> [What to do] Restate word for word the lines below that run from the one holding "Okay, we'll try" through the one holding "Two, three, four!", inclusive. Pictures don't belong in the copy.

Information shown START

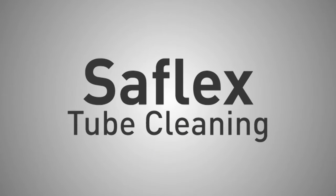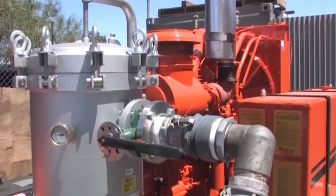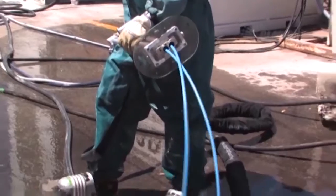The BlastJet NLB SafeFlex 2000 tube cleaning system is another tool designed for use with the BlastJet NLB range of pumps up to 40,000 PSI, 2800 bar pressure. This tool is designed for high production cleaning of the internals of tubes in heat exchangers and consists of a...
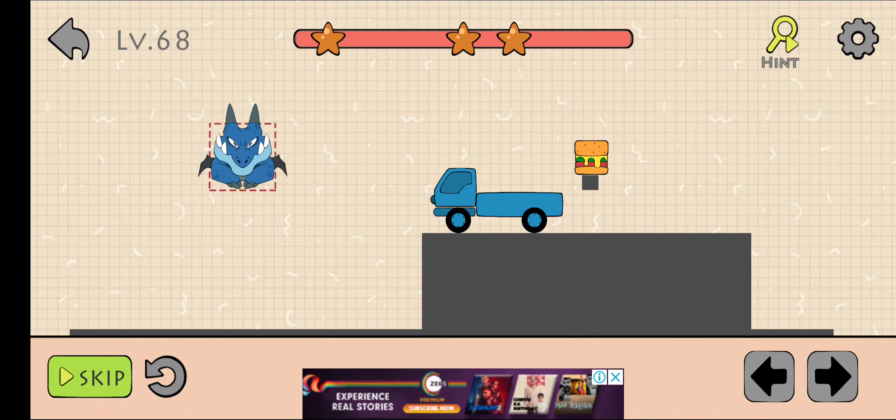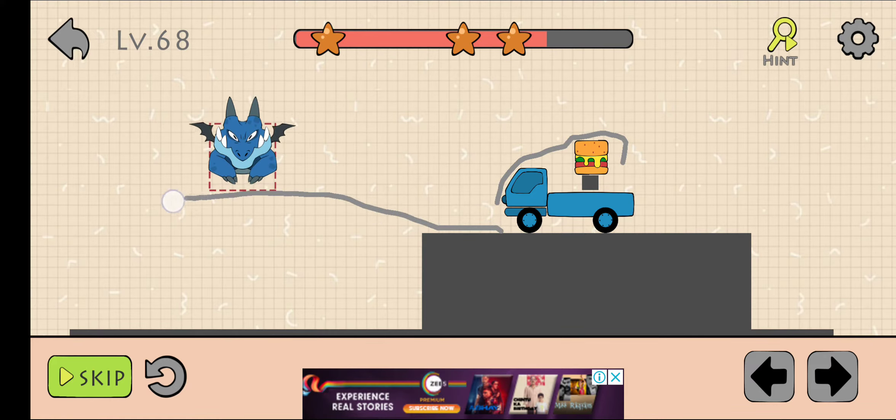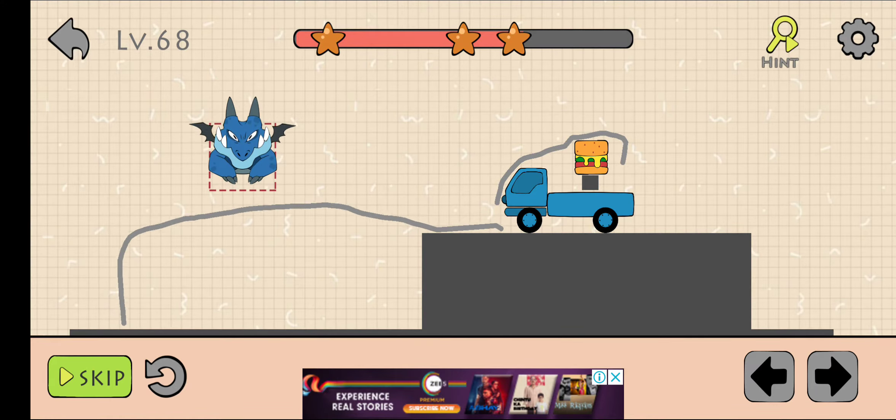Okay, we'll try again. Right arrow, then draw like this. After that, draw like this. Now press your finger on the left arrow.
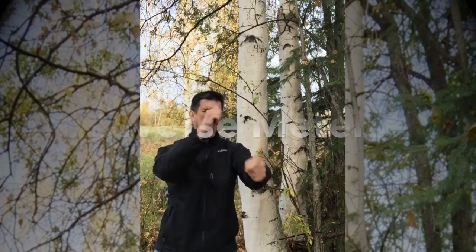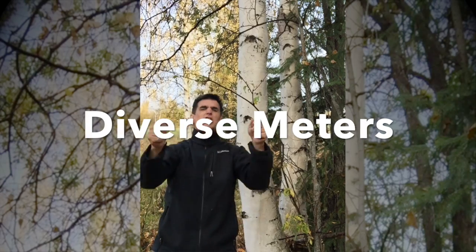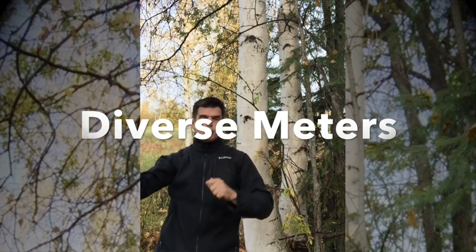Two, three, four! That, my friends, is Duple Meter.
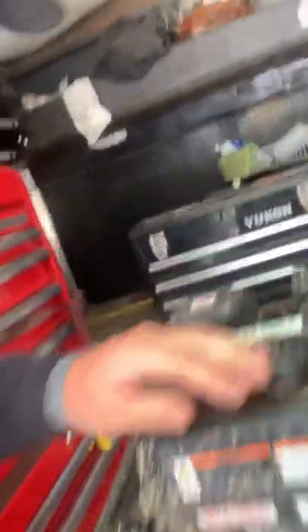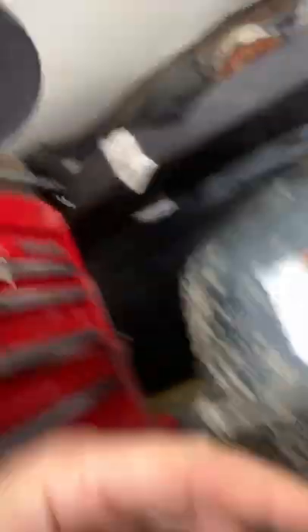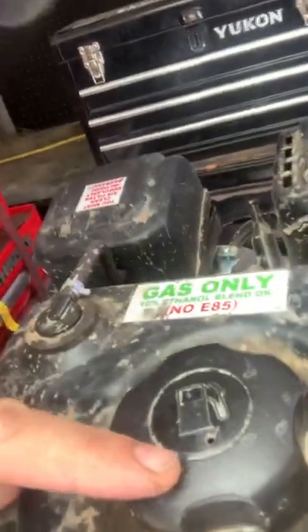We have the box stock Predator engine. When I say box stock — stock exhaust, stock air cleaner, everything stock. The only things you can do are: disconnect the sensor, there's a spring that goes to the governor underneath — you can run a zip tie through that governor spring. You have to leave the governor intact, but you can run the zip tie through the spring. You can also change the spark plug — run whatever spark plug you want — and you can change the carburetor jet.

Information shown END

> [Task response]
Okay, we'll try again. Right arrow, then draw like this. After that, draw like this. Now press your finger on the left arrow.
Two, three, four! That, my friends, is Duple Meter.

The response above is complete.